- _Exercise goal_
Each line from the beginning of the data below through the line containing "Eleven Mid Century" should be repeated exactly, please.

*** Dataset extract

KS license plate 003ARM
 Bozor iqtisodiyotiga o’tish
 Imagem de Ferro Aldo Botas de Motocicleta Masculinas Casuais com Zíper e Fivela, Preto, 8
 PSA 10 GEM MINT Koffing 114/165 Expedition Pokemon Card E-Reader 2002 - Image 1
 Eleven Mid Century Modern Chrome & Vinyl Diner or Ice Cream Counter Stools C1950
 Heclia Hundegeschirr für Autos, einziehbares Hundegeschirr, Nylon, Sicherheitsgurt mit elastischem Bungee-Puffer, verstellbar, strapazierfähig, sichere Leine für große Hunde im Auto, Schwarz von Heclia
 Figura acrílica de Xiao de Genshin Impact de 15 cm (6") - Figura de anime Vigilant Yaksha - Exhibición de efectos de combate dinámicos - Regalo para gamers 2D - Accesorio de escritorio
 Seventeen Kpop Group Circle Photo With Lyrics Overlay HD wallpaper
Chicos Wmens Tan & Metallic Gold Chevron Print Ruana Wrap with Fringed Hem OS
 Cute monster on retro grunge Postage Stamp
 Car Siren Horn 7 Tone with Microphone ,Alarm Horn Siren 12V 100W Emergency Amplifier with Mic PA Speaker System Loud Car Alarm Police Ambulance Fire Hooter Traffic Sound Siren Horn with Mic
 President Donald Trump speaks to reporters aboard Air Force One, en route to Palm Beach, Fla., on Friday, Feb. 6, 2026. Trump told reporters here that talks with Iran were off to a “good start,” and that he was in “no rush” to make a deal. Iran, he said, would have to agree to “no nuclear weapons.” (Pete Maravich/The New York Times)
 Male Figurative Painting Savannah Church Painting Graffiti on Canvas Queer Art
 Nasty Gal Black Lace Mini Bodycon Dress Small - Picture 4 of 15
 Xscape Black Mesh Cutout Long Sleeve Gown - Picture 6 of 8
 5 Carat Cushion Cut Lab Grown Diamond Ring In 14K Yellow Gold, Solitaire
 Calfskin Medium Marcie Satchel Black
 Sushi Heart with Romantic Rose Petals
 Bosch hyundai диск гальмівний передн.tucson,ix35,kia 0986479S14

******

- _Response for this exercise_
KS license plate 003ARM
 Bozor iqtisodiyotiga o’tish
 Imagem de Ferro Aldo Botas de Motocicleta Masculinas Casuais com Zíper e Fivela, Preto, 8
 PSA 10 GEM MINT Koffing 114/165 Expedition Pokemon Card E-Reader 2002 - Image 1
 Eleven Mid Century Modern Chrome & Vinyl Diner or Ice Cream Counter Stools C1950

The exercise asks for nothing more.